Look through the data below for the line with "BL Solo Einhell", and transcribe it exactly together with each line after it up to and including the line with "Letter S Blue". Give nothing else.

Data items
■ ■ ■ ■ ■
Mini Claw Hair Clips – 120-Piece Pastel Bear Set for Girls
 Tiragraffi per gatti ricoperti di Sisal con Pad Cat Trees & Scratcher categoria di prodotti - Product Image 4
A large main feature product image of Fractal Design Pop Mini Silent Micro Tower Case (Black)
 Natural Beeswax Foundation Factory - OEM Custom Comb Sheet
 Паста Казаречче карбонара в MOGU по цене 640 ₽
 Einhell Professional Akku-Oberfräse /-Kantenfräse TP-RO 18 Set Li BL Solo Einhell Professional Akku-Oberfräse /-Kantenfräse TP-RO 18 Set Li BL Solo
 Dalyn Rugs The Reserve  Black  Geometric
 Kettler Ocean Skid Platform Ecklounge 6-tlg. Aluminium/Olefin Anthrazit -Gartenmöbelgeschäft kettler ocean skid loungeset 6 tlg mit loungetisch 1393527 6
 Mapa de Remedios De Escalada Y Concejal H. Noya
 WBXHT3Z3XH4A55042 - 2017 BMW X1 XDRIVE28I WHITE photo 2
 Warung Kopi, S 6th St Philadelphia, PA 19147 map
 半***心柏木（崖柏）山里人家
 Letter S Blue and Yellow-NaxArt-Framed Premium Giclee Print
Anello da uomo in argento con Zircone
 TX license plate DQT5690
■ ■ ■ ■ ■
→ Result for this exercise:
 Einhell Professional Akku-Oberfräse /-Kantenfräse TP-RO 18 Set Li BL Solo Einhell Professional Akku-Oberfräse /-Kantenfräse TP-RO 18 Set Li BL Solo
 Dalyn Rugs The Reserve  Black  Geometric
 Kettler Ocean Skid Platform Ecklounge 6-tlg. Aluminium/Olefin Anthrazit -Gartenmöbelgeschäft kettler ocean skid loungeset 6 tlg mit loungetisch 1393527 6
 Mapa de Remedios De Escalada Y Concejal H. Noya
 WBXHT3Z3XH4A55042 - 2017 BMW X1 XDRIVE28I WHITE photo 2
 Warung Kopi, S 6th St Philadelphia, PA 19147 map
 半***心柏木（崖柏）山里人家
 Letter S Blue and Yellow-NaxArt-Framed Premium Giclee Print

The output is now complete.